Wiring up visual circuits: Interplay between gene expression and spontaneous and experience-dependent activity

Classic studies proposed that genetically-encoded programs and spontaneous activity play complementary but independent roles in the development of neural circuits. More recent evidence, however, suggested that these two mechanisms could interact extensively, with spontaneous activity affecting the expression and function of guidance molecules at early developmental stages. Results in our laboratory verify the notion that spontaneous activity does not affect neuronal identity specification, axon pathfinding or gross topography during the assembly of the visual circuit. Our experiments argue for the dissociation of spontaneous activity from hard-wired developmental programs in early phases of neural circuit assembly, and support a subsequent role for spontaneous activity in fine-tune axon pruning once axon terminals have reached their correct topographic position in the target tissues. Using a new transgenic mouse line with altered retinal activity generated in our laboratory, we have searched for specific genes involved in the refinement process in a gene-wide unbiased manner and have found an NMDA receptor highly downregulated in the mutant mice, that could be important in mediating retinal spontaneous activity. We are currently performing functional experiments to elucidate the function of this receptor in this process.
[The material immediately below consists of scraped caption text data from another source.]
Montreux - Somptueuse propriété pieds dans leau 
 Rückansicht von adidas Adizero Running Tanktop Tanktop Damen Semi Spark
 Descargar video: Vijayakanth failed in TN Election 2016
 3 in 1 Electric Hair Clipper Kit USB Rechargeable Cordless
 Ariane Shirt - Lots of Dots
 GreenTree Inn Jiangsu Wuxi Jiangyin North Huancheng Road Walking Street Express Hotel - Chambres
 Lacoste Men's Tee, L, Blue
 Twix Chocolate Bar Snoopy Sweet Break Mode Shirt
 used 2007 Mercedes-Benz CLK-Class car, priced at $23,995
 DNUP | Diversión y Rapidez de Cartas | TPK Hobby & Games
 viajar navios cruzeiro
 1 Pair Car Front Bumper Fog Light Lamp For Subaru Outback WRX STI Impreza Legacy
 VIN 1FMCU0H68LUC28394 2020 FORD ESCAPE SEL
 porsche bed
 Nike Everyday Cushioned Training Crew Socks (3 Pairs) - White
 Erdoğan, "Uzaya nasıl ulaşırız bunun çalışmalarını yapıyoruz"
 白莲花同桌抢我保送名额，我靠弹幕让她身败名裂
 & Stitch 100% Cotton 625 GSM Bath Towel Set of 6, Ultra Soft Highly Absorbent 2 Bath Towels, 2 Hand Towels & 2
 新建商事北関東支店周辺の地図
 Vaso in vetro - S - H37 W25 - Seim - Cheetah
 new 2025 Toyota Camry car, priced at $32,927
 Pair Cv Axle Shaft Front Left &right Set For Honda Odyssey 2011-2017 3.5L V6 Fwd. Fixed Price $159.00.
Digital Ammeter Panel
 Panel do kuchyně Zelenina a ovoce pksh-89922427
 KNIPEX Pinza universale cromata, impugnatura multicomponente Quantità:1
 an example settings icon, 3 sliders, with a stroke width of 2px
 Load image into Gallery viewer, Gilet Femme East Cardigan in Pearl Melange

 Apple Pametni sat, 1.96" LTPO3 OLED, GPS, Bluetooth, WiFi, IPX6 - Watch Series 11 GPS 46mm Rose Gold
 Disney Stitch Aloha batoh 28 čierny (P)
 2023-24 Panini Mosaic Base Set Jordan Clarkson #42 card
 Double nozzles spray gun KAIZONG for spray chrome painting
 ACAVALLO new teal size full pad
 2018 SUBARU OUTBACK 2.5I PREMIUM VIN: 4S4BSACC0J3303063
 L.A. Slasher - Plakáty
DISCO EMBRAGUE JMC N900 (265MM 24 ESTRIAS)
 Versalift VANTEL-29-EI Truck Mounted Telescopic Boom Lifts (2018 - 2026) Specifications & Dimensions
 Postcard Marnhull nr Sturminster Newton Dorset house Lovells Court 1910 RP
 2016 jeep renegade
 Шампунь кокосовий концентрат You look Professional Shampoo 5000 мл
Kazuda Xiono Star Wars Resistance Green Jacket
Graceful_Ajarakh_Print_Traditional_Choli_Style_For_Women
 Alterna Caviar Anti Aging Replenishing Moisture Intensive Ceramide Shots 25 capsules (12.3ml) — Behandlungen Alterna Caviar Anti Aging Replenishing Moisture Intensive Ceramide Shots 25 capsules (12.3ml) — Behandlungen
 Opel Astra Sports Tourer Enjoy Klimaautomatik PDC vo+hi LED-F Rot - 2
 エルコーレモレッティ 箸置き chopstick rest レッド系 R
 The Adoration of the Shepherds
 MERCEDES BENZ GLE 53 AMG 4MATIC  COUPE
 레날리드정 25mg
For the second aim of the project we have generated a transgenic mouse line with an increased number of ipsilateral visual axons and we are currently analyzing whether these mice have the capacity of rewiring their thalamocortical projections, expand the binocular visual cortical region and improve binocular vision. If this is the case, these results would demonstrate that a single gene mutation during development could lead to the complete rewiring of a circuit and the emergence of a new sensory capacity.